Helward agitó la cabeza. Los caballos habían terminado de beber y se frotaban mutuamente el hocico.
—Tengo que irme —dijo él.
Se alejó rápidamente hasta donde estaba su equipo, lo alzó y lo guardó en las alforjas. Elizabeth lo observaba con curiosidad. Cuando hubo acabado, tomó las riendas, hizo girar la yegua y la condujo por la costa. Al llegar a los árboles se dio vuelta a mirar.
—Perdóneme. Usted debe pensar que soy un grosero. Simplemente... no soy como los otros.
—¿Cómo qué otros?
—Como la gente de la zona.
—¿Y eso es tan malo?
—No. —Escudriñó la orilla del río como buscando un pretexto para quedarse con ella. Bruscamente pareció cambiar de idea. Ató el caballo al árbol más próximo—, ¿Puedo pedirle un favor?
—Desde luego.
—Estee... ¿me dejaría dibujarla?
—¿Dibujarme?
—Sí... hacer un boceto. No lo hago muy bien y tampoco hace mucho tiempo que me dedico a ello. Cuando vengo por aquí paso largos ratos dibujando lo que veo.
—¿Eso era lo que estaba haciendo cuando lo encontró?
—No. Eso era un mapa, y yo estoy hablando de dibujos en serio.
—Está bien. ¿Quiere que pose para usted? Helward buscó en la alforja sacó unos papeles de diversos tamaños. Los hojeó nerviosamente y ella notó que tenían unas líneas impresas.
—Quédese ahí parada. No... al lado de su caballo. Él se sentó junto al río, apoyando los papeles sobre las rodillas. Elizabeth lo contemplaba, desconcertada aún por el repentino cambio en Helward, y sintió una gran timidez que no era común en ella.
Permaneció junto al caballo y le pasó un brazo por debajo del cuello para poder acariciarlo del otro lado.
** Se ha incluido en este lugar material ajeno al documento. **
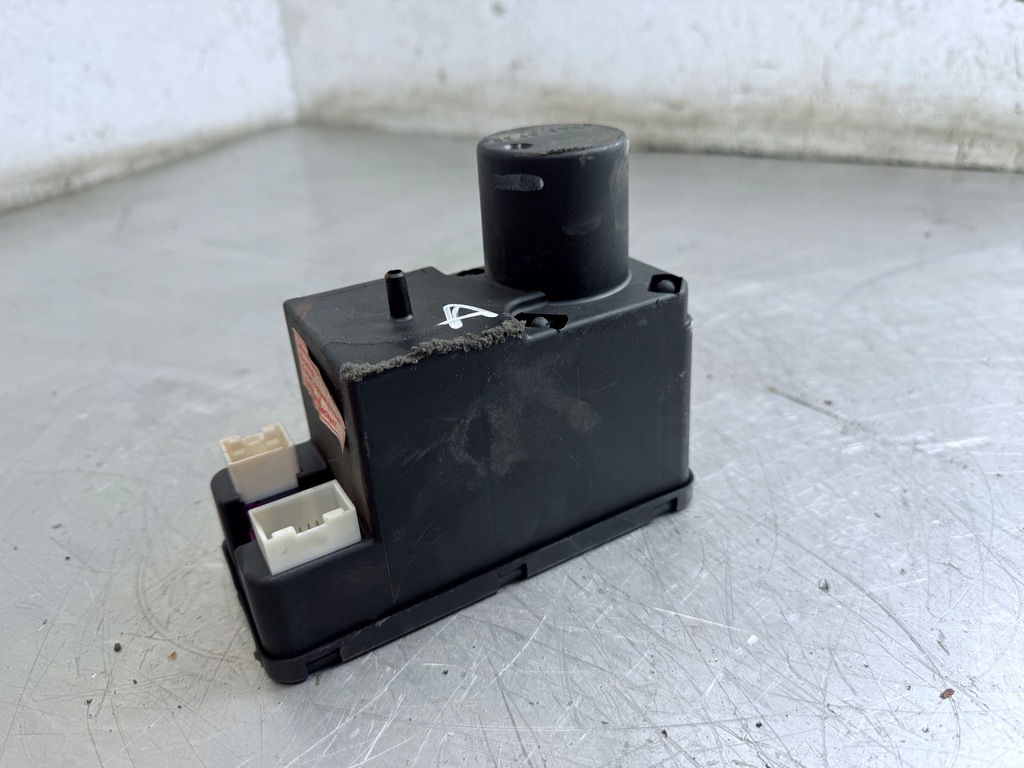 фото №1, Помпа замка центрального audi a6 a4 a8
El animal le respondió refregándole la nariz.
—Está mal parada. Gire más hacia mí.
La timidez iba en aumento. Elizabeth se daba cuenta de que adoptaba una pose forzada, torpe.
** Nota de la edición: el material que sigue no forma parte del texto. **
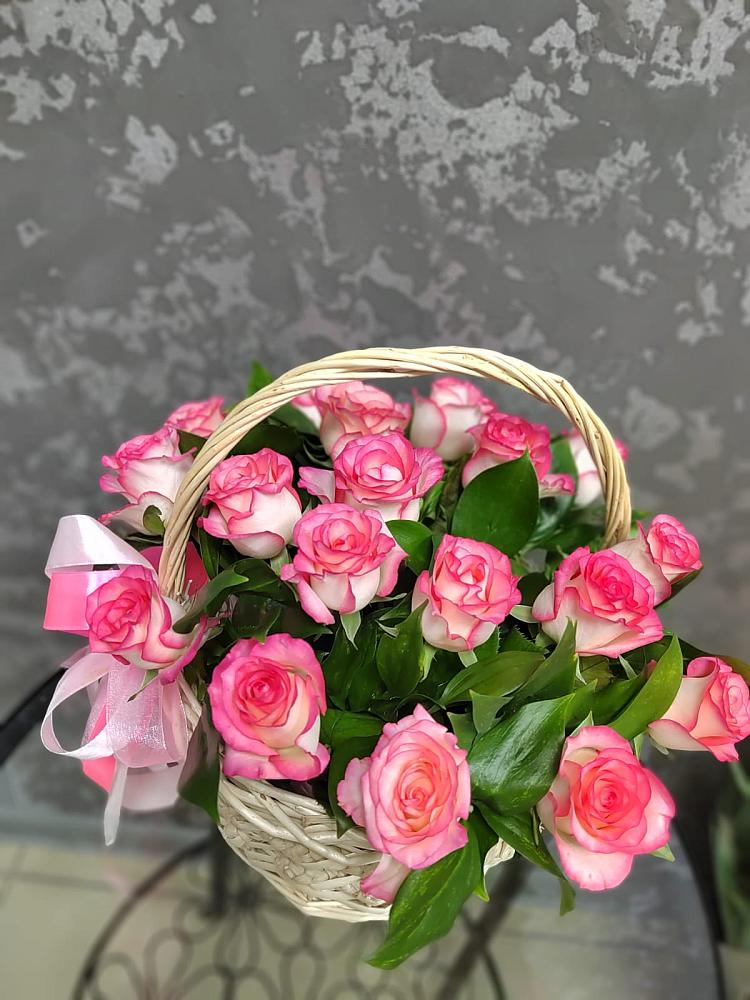 Цветочная композиция из Розы в корзине в Каспийске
Helward proseguía dibujando, pasando hoja tras hoja de papel. Elizabeth comenzó a relajarse un poco y resolvió no prestarle atención. Volvió a acariciar a la bestia. Al rato él le pidió que se sentara en la montura, pero ella se estaba cansando.
—¿Me deja ver lo que hizo?
—Nunca muestro mis trabajos a nadie.
—Por favor, Helward. Es que jamás me han dibujado. Helward revisó los papeles y eligió dos.